In-depth tripod review: Really Right Stuff Versa TVC-34 Mk.2: Digital Photography Review

Really Right Stuff’s Versa TVC-34 in the field with a 500mm lens, 50MP camera, and a suitably large and capable gimbal.

Really Right Stuff Versa TVC-34 Mk.2 | $1100

What sets Really Right Stuff apart from most other brands is their attention to detail and focus on quality over quantity. This US-based manufacturer of camera support systems and accessories has consistently set the pace with high-end, custom-designed solutions for demanding photographers. Their recent ultra-compact travel tripod is an example of this commitment to innovation for those who need it, and can afford it.
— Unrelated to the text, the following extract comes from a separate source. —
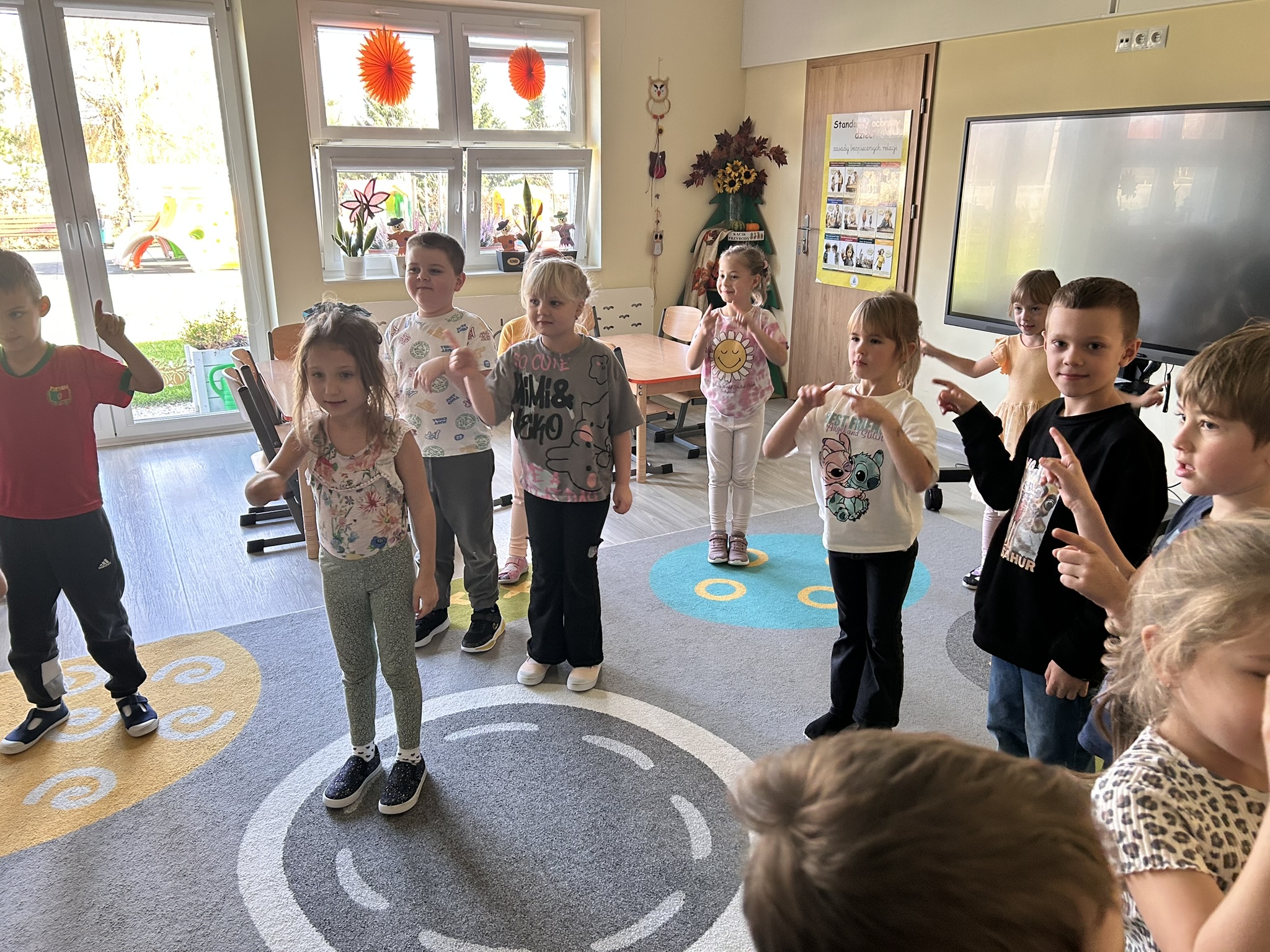 Przedszkolaki kreślą koła w powietrzu.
In 2018, the company relocated from California’s central coast to Salt Lake City, Utah. This brought their entire manufacturing facility, and most of their employees, to both a more affordable region of the country, and closer to the distribution access of a major city. In the past, RRS products were only available direct from the manufacturer, but now they are also sold in the US by Amazon, B&H, and Adorama, along with various European and Asian outlets. While they are still proudly ‘100% made in the USA’ they are easily available all over the world.

Specs and what’s included

  • Maximum height of 148 cm (58.2″)
  • Minimum height of 9 cm (3.5″)
  • Folds to 53 cm (20.8″) with 14 cm (5.5″) diameter
  • Weighs 1.93 kg (4.25 lbs) with flat platform
  • 39kg (85 lbs) load limit
  • Three leg angles (26° / 53° / 86°)
  • Four leg sections (36.7mm top leg diameter/ 33 / 28.5 / 24.7mm)
  • 70mm platform secured with three hex bolts
  • Large weight hook under platform
  • Bubble level included on apex
  • Removable 42mm mushroom feet on standard 3/8″ thread
  • Includes detailed instructions

Really Right Stuff updated their Versa series of ‘systematic’ tripods a few years ago, with improved materials, ergonomics, and the addition of some requested features like sealed leg locks, threaded accessory ports, and a permanent weight hook on the flat platform. This updated lineup includes Versa tripods with three or four section legs, in ‘regular’ and ‘long’ versions for extra height, and extends to the smaller ‘Series 2’ tripods, and upwards to larger ‘Series 4.’ With these series names for each size, RRS is borrowing a Gitzo nomenclature, but there are significant differences as we shall see.

In the RRS tripod catalog, the same legs found on the Series 3 Versa TVC-34 can be ordered on the compact apex of their ‘Ultralight’ series, which forgoes the modular apex and insertable extras for a slimmer and lighter package. The Ultralight range includes Series 1 and 2 leg widths, as well as the Series 3 being reviewed here. The two different apex styles are also available by themselves, allowing existing owners of Versa Series 2 or 3 tripods to swap their legs onto a minimized apex, or Ultralight owners of the same size to trade up to a modular apex.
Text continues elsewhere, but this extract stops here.